A safe space to pause and check in with yourself.
Haven is a gentle journaling app designed to support emotional reflection without pressure. Instead of relying on words alone, it uses colour as an emotionally intuitive cue to help users check in with themselves when language feels difficult.
Role
UX/UI Designer
Team
Solo
Duration
3 months
Discovery
Journaling felt overwhelming, not supportive
Through research and reflection, a consistent pattern emerged:
People wanted to journal, but the tools available often made the experience feel intimidating, clinical or effort-heavy.
Journaling often felt like something they should do, rather than something that emotionally supported them.
The core issue wasn’t motivation—it was emotional friction created by design choices.
Define
Designing for emotional safety, not productivity
Most journaling apps prioritise output: streaks, analytics, progress indicators. While effective for habit tracking, these features often conflict with emotional vulnerability.
Problem
Journaling tools unintentionally pressure users by framing reflection as a task rather than a personal, emotional experience.
Ideate
Translating emotion into colour
Haven’s emotional language is inspired by aura rings and aura photography, using colour as an intuitive way to express internal states. This approach is supported by colour psychology research, which suggests emotional responses to colour often occur before cognitive interpretation.
Colour is not decorative; it functions as emotional feedback.
Prototype
Designing an interface that responds with care
For colour to feel meaningful, the interface needed to acknowledge emotion without disrupting reflection.
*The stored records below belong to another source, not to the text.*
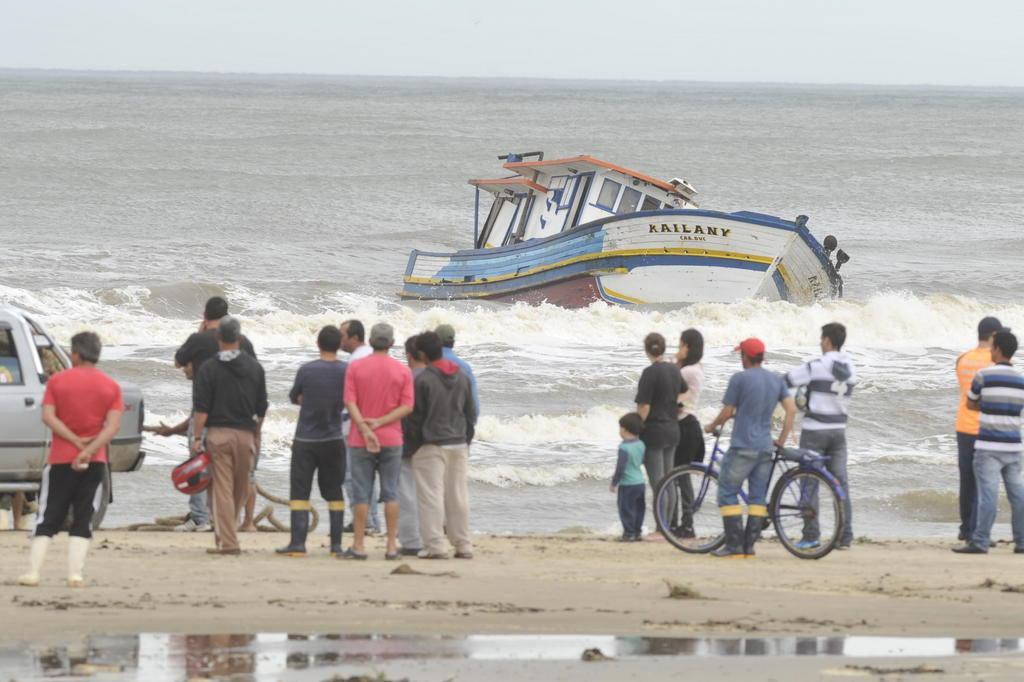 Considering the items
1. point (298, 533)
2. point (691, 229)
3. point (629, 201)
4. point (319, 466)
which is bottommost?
point (298, 533)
As users move through guided prompts, the interface subtly adapts to their emotional check-in. These changes are intentionally gentle, creating a sense of being acknowledged without judgement or evaluation.
Testing & Iteration
Refining emotional responsiveness through user feedback
What we tested:
Live colour changes during writing
Fixed prompts vs user-controlled prompts
Neutral prompts vs mood-responsive prompts
What we learned:
Live colour feedback disrupted focus
Fixed prompts felt emotionally misaligned
Generic questions broke the emotional flow
Key changes:
1) Removed live colour changes during writing
Before
After
2) Giving users control over their prompts
Before
After
3) Prompts that adapt before they guide
Before
After
Outcome
A calmer, more intuitive way to reflect
These changes shifted Haven from a reactive interface into a supportive guide:
Users stayed focused longer during journaling
Reflection felt conversational rather than evaluative
Colour became a moment of meaning after reflection, not a distraction during it
Reflection
What designing Haven taught me
Designing Haven reinforced that emotional UX is often about removal, not addition.
Reducing stimulation improves focus
Removing live colour changes helped users stay present while writing.Control increases emotional comfort
Allowing users to guide their own prompts reduced pressure.Language shapes emotional safety
Small changes in tone and timing significantly affected how supportive the experience felt.